VALLEY NATIONAL BANK 1455 Valley Road Wayne, NJ 07470
Exhibit 10.7
VALLEY NATIONAL BANK
1455 Valley Road
Wayne, NJ 07470
January 22, 2008
Mr. Alan D. Eskow
Executive Vice President
Valley National Bancorp
Valley National Bank
1455 Valley Road
Wayne, New Jersey 07470
Dear Mr. Eskow:
The Board of Directors of Valley National Bancorp (Bancorp) and Valley National Bank (the Bank) (collectively, the Company) have determined that it is in the best interests of the Bancorp and the Bank for the Company to agree to provide you with certain limited severance rights as provided herein.
The Board recognizes that your employment by the Company without any severance agreement creates tensions which may cause you to seek opportunities elsewhere or affect your views of your present compensation. These arrangements are being made to alleviate, in part, those concerns.
We previously entered into a letter agreement with you, dated June 18, 2002, and subsequently amended, concerning these severance rights. This letter restates and amends those provisions of the prior agreements, and the prior agreements are rescinded upon your consent to this letter.

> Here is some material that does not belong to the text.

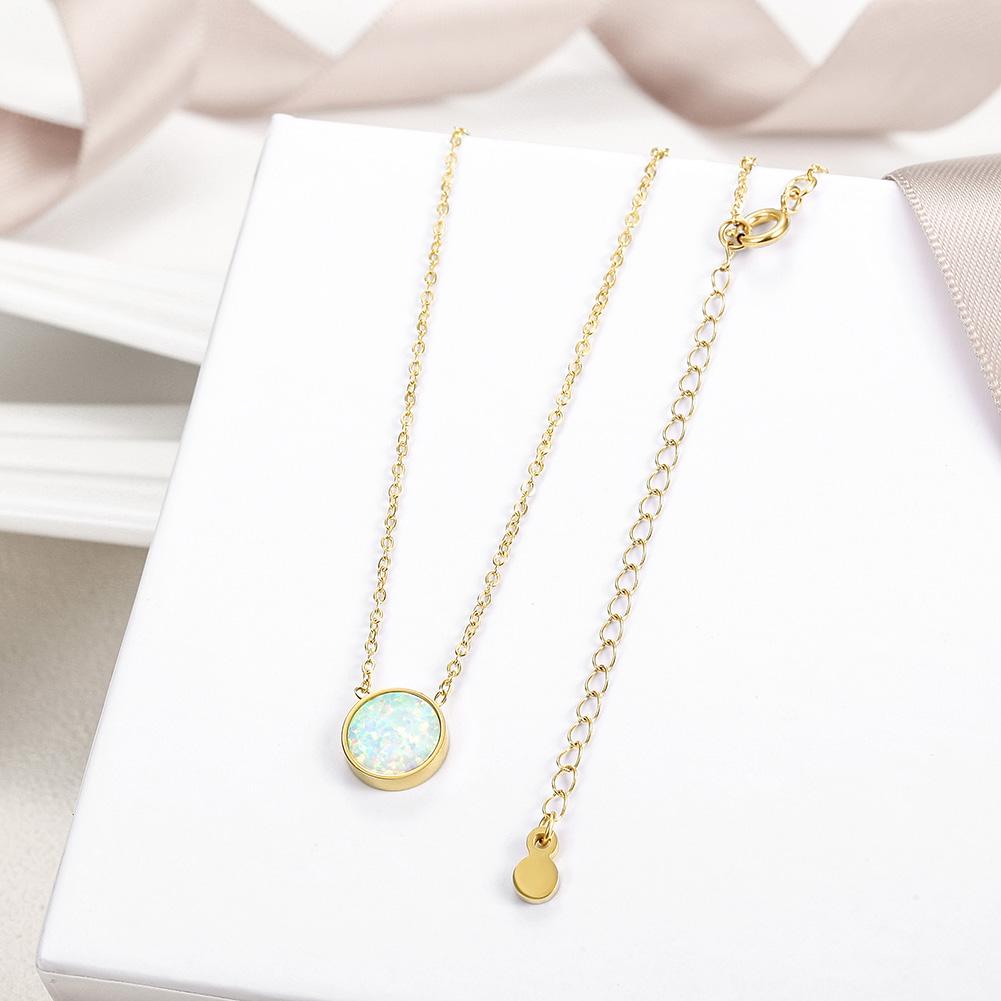Round Opal Pendant Necklace-Gold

In view of the foregoing, in consideration of your continued employment with the Company and your consent to this letter, the Company agrees:
1. If the Company elects to terminate you as Executive Vice President of Valley National Bancorp and/or Valley National Bank, upon the termination of your employment the Company will pay you a lump sum severance benefit equal to 12 months of your annual base salary plus a portion of your most recent bonus. The bonus amount shall equal your most recent bonus multiplied by a fraction, the numerator of which is the number of months which have elapsed in the current calendar year and the denominator of which is 12. This severance benefit will not be paid if the Company terminates you for Cause. Cause means (i) willful and continued failure by the Executive to perform his duties for the Company after at least one warning in writing from the Companys Board of Directors identifying specifically any such failure; (ii) the willful engaging by the Executive in misconduct which causes material injury to the Company as specified in a written notice to the Executive from the Board of Directors; or (iii) conviction of a crime, other than a traffic violation, habitual drunkenness, drug abuse, or excessive absenteeism other than for illness, after a warning (with respect to drunkenness or absenteeism only) in writing from the Board of Directors to refrain from such behavior. No act or failure to act on the part of the Executive shall be considered willful unless done, or omitted to be done, by the Executive not in good faith and without reasonable belief that the action or omission was in the best interest of the Company. No severance will be paid under this paragraph in the event you are paid a severance benefit pursuant to any change in control agreement with the Company.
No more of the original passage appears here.